#### Work instructions
Please return every line of the material verbatim and skip any images.

Start of Block

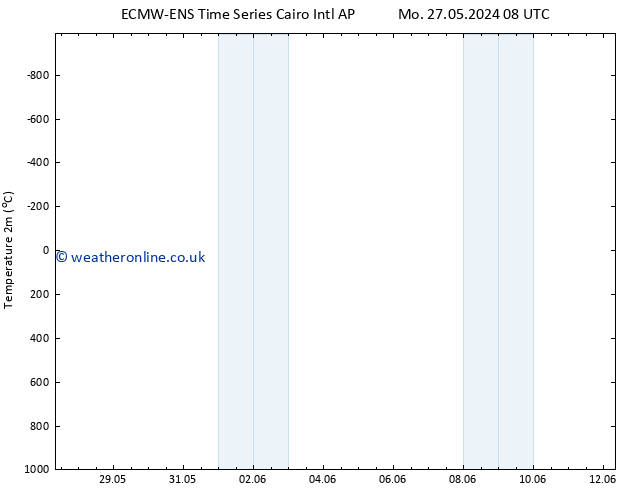 Temperature (2m) ALL TS Tu 04.06.2024 08 UTC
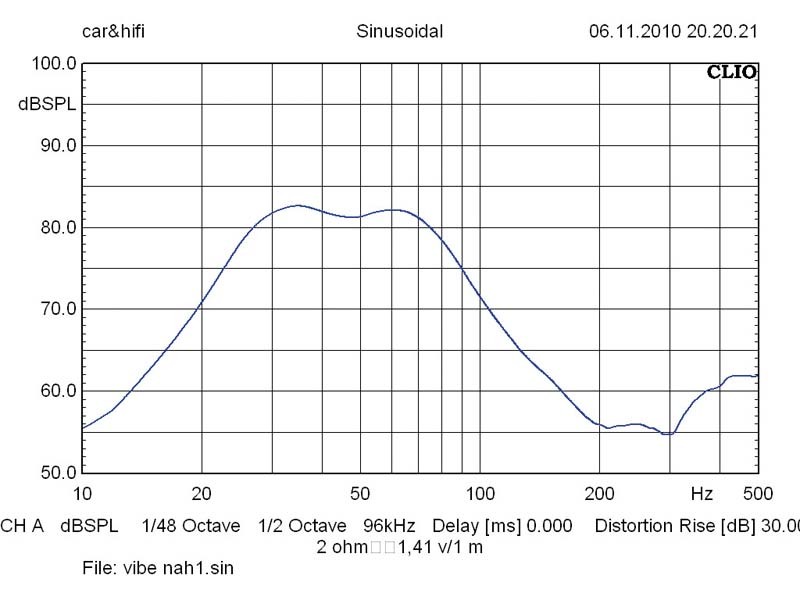 Vibe Space Bandpass 12, Bild 30 Car-Hifi Subwoofer Gehäuse Vibe Space Bandpass 12 im Test, Bild 30
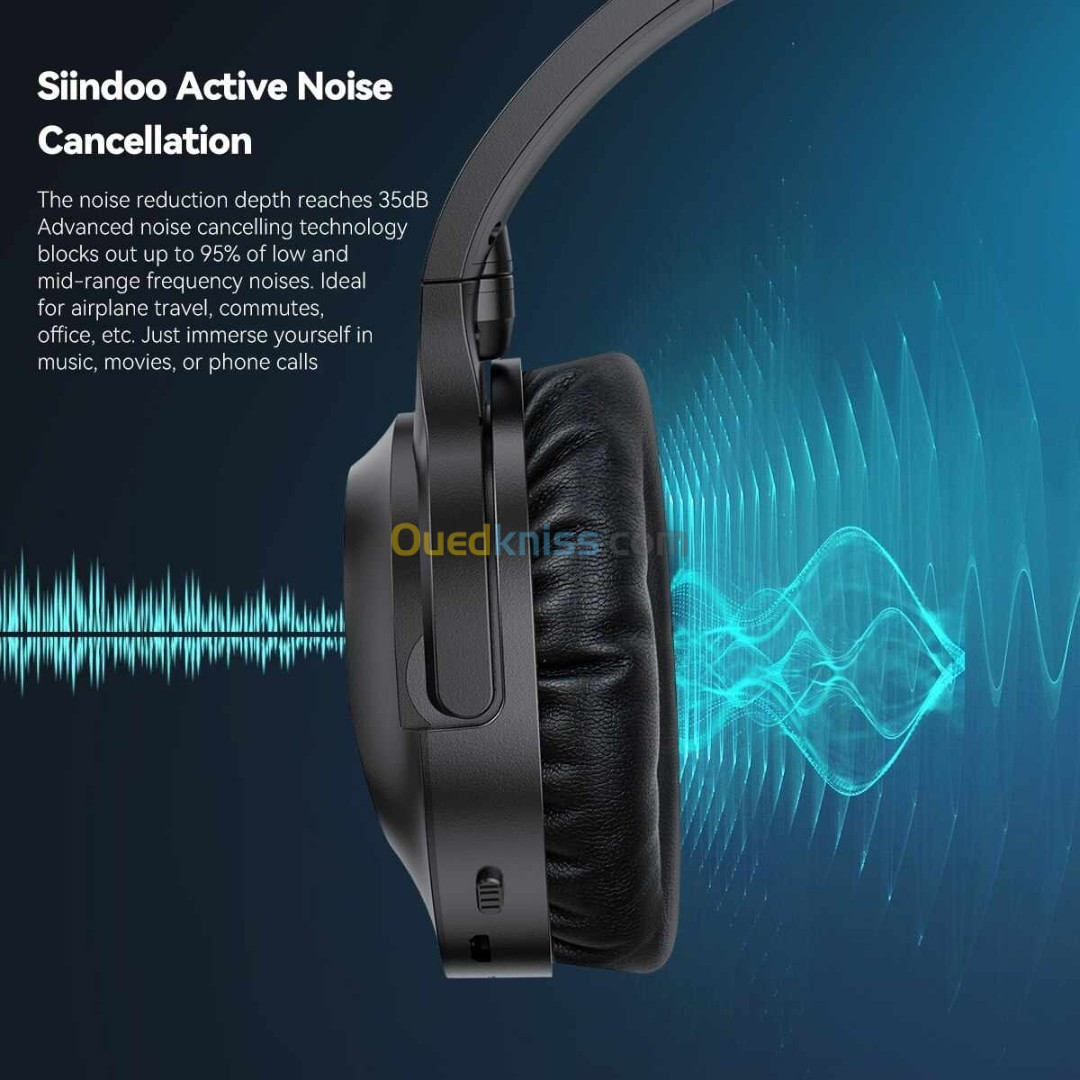 Casque bluetooth SIINDOO HQS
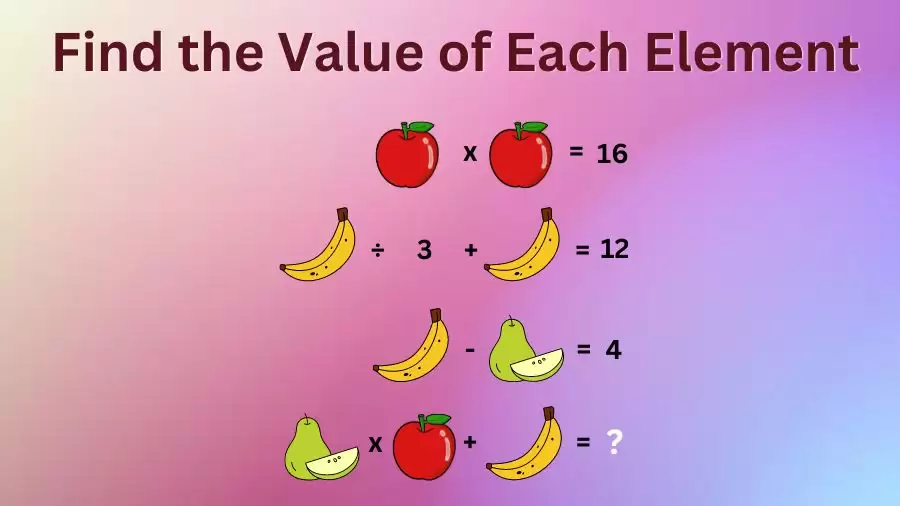 Brain Teaser: Solve and Find the Value of Each Element in 20 Seconds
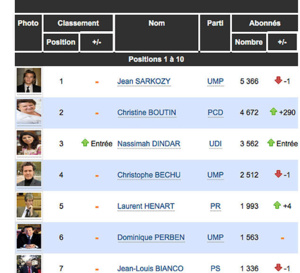 Le facebook de Nassimah Dindar classé troisième national Le facebook de Nassimah Dindar classé troisième national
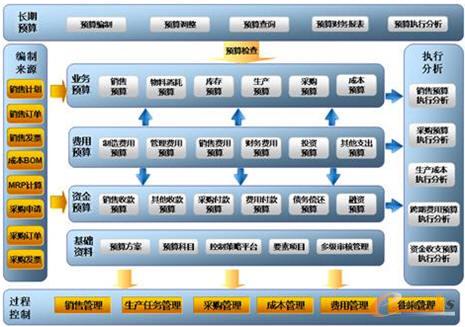 ���K/3 WISE������(sh��)�F(xi��n)ȫ���A(y��)�����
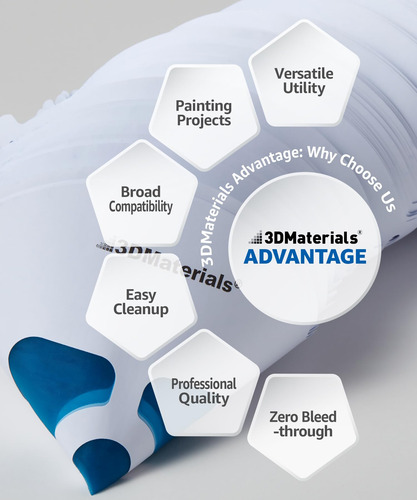 Superfiltro Desechable, 100 Unidades, Para Impresora 3d, Res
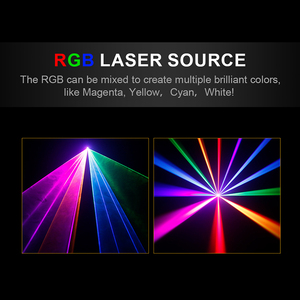 SHEHDS Éclairage laser étanche 3W RGB IP65 avec mode DMX et application pour mariages et événements extérieurs - Product Image 6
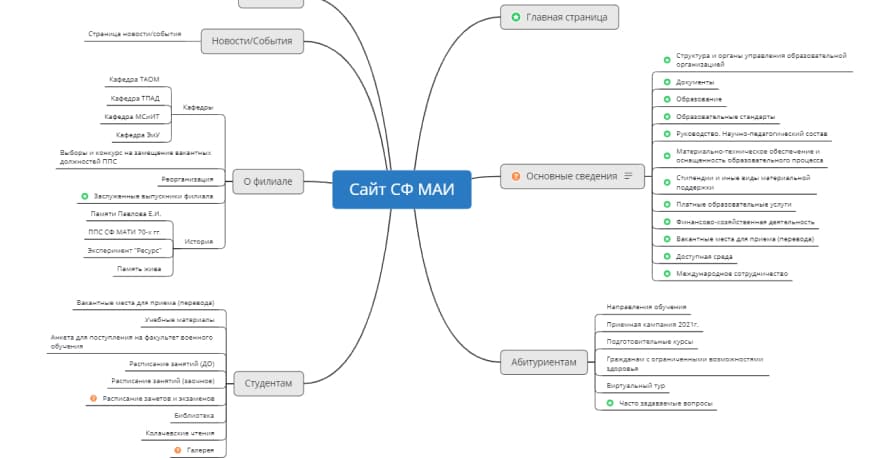 Изображение Структуры сайта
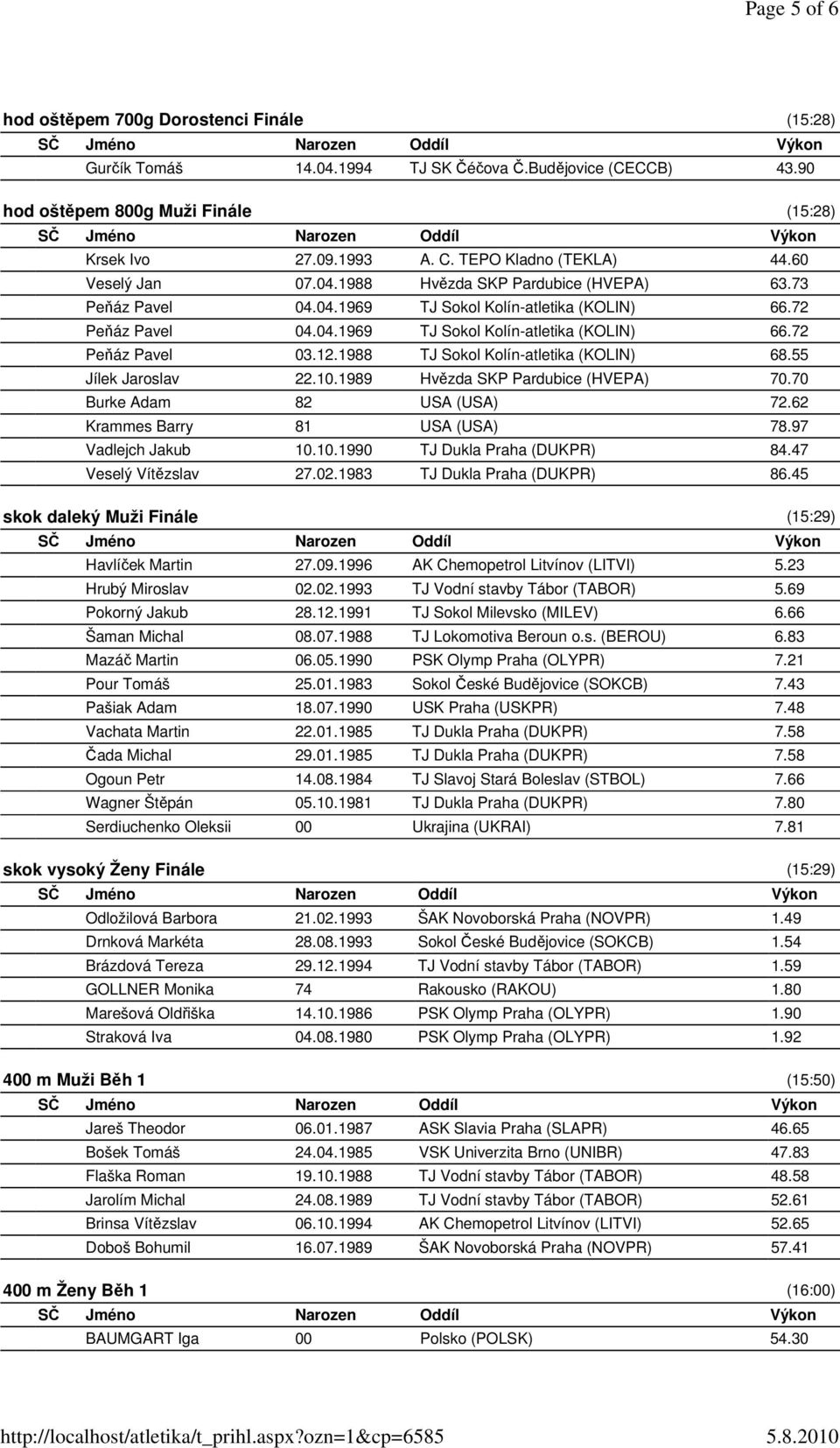 12.1988 TJ Sokol Kolín-atletika (KOLIN) 68.55 Jílek Jaroslav 22.10.1989 Hvězda SKP Pardubice (HVEPA) 70.70 Burke Adam 82 USA (USA) 72.62 Krammes Barry 81 USA (USA) 78.97 Vadlejch Jakub 10.10.1990 TJ Dukla Praha (DUKPR) 84.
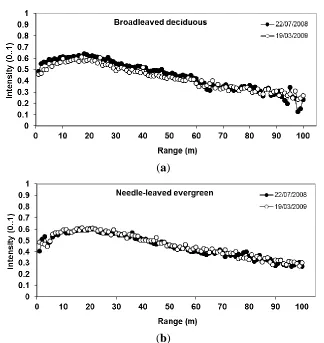 Figure 3. Intensity-range distributions (maximum values) corresponding to TLS datasets acquired at broadleaved deciduous (a) and needle-leaved evergreen (b) plots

End of Block

#### Solution
 Temperature (2m) ALL TS Tu 04.06.2024 08 UTC
 Vibe Space Bandpass 12, Bild 30 Car-Hifi Subwoofer Gehäuse Vibe Space Bandpass 12 im Test, Bild 30
 Casque bluetooth SIINDOO HQS
 Brain Teaser: Solve and Find the Value of Each Element in 20 Seconds
 Le facebook de Nassimah Dindar classé troisième national Le facebook de Nassimah Dindar classé troisième national
 ���K/3 WISE������(sh��)�F(xi��n)ȫ���A(y��)�����
 Superfiltro Desechable, 100 Unidades, Para Impresora 3d, Res
 SHEHDS Éclairage laser étanche 3W RGB IP65 avec mode DMX et application pour mariages et événements extérieurs - Product Image 6
 Изображение Структуры сайта
 12.1988 TJ Sokol Kolín-atletika (KOLIN) 68.55 Jílek Jaroslav 22.10.1989 Hvězda SKP Pardubice (HVEPA) 70.70 Burke Adam 82 USA (USA) 72.62 Krammes Barry 81 USA (USA) 78.97 Vadlejch Jakub 10.10.1990 TJ Dukla Praha (DUKPR) 84.
 Figure 3. Intensity-range distributions (maximum values) corresponding to TLS datasets acquired at broadleaved deciduous (a) and needle-leaved evergreen (b) plots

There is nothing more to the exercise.